For this trial to proceed for the claims to be determined I'm going to allow Mr Williams to give evidence in-chief, notwithstanding he hasn't given a witness statement. In my view, these proceedings have proceeded in such a manner that it's clear what the issues are between the parties, and if the parties are surprised, taken by surprise in relation to any of the evidence, then the court can deal with that by application from one or other of the parties.
The issues are relatively straightforward and understood by both parties in relation to the claim and the counter-claim. I will make an order that the evidence in one proceeding will be evidence in the counter-claim as well. The witnesses will give evidence under oath or affirmation in the witness box, and it's what is said under oath or affirmation and the documents which are tendered in evidence which forms the evidence on which the court determines the matter. So it's not what is in the file; it's what is said in the witness box.
While the witness is giving evidence the other party can make notes, no interrupting, and then the other party will cross-examine the witness. This applies to both parties. When you're cross-examining a witness under section 30 of the Magistrates Court Act, as you're both self‑represented, I must inform you that you must put your version of the facts to the witness where they differ from your version of events so that they have the opportunity to respond to your version; otherwise, the court may attach less weight to your version of events.
In the process of evidence, evidence-in-chief, you tell the court your evidence, things that you know happened, not what you think happened… cross-examination by the opposing party; then the witness can then clarify any matters arising from cross-examination …
The onus of proof is on the claimant, Mr Williams, in relation to his general procedure claim, and the onus of proof is on Ms Sadeghpour with respect to the counter-claim. The standard of proof is that the court must be satisfied on the balance of probabilities of the claimant's case, and the balance of probabilities on the defendant's case on the counter‑claim.
[74] ts 23 - ts 25, 23 February 2021.
The trial then proceeded. Mr Williams gave evidence. He tendered some documents from the Trial Book. Ms Sadeghour then gave evidence and also tendered some documents. She also called Mr Lee‑Steere. At that point the trial was adjourned for the day. The following day, Mr Williams was again brought up to appear in person. Mr Meehandoust gave evidence. At the conclusion of his evidence the Magistrate adjourned for lunch, advising the parties that after lunch she would hear closing submissions. This is what then occurred after lunch. At the conclusion of closing submissions, the Magistrate adjourned the matter until the afternoon of 26 February 2021, stating she would give reasons then.
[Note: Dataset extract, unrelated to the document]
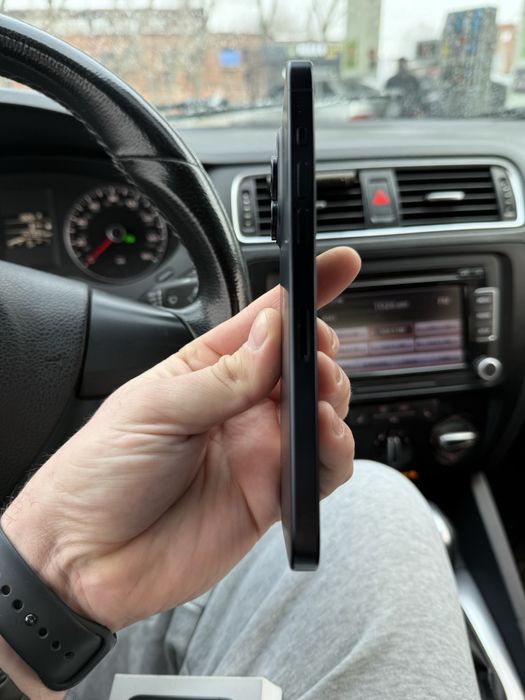 Продам iphone 15 pro max 256 GB физ сим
At the hearing on 26 February 2021, both Mr Williams and Ms Sadeghpour appeared by audio link. The Magistrate delivered oral reasons, dismissing both the claim and the counterclaim.[75] As the Appeal is focussed on the failure to adjourn the trial, I do not need set out the reasons for decision in any detail. In essence, the Magistrate was of the view that Mr Williams had not proven on the balance of probabilities that he had an immediate right to possession of the Chattels, including the Audi car. As to the counterclaim, Ms Sadeghpiour had not proven on the balance of probabilities that Mr Williams, either personally or by anybody acting on his behalf, was responsible for placing the Chattels, including the Audi, on her land. Relevant to the issues in the appeal, her Honour did observe:[76]
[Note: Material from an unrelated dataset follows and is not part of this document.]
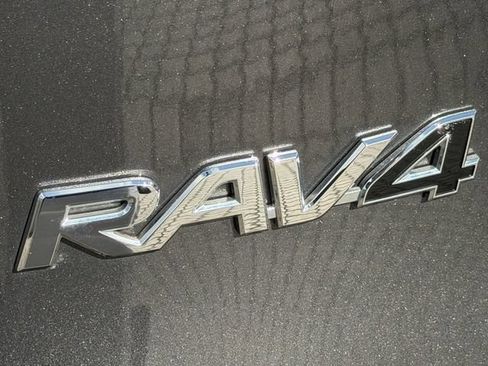 Used 2023 Toyota RAV4 XLE w/ Convenience Package FWD image 9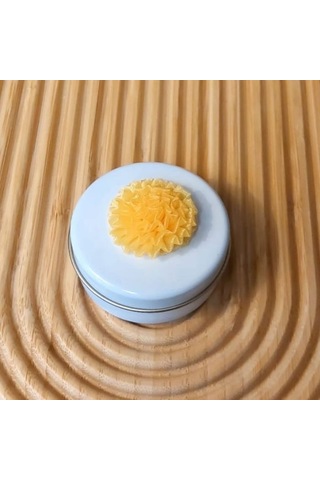 Uretti - Ayşe 7362 0535 El Yapımı Bitkisel Kokulu Metal Kutuda Mum - 3 X 7 Cm Beyaz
Some latitude and flexibility was granted to both parties to ensure that they were afforded the opportunity to present their respective cases. There are, however, a few unusual features of the trial. However, in my view, both parties were afforded the opportunity to present their cases in accordance with the rules of procedural fairness in order to ensure a fair trial.
[75] ts 144 ff, 26 February 2021.
[76] ts 150, 26 February 2021.
Her Honour then reiterated the procedures which I have set out in detail in the preceding paragraphs, concluding:[77]
Given these factors I form the view – bearing in mind my obligations under section 13 of the Magistrates Court Civil Proceedings Act with respect to ensuring the cases are dealt with efficiently, economically and expeditiously, and that the court's judicial and administrative resources are used as efficiently as possible – that in the circumstances of this case that neither party would suffer any material prejudice as a general tender of both parties' evidence was well known before (indistinct).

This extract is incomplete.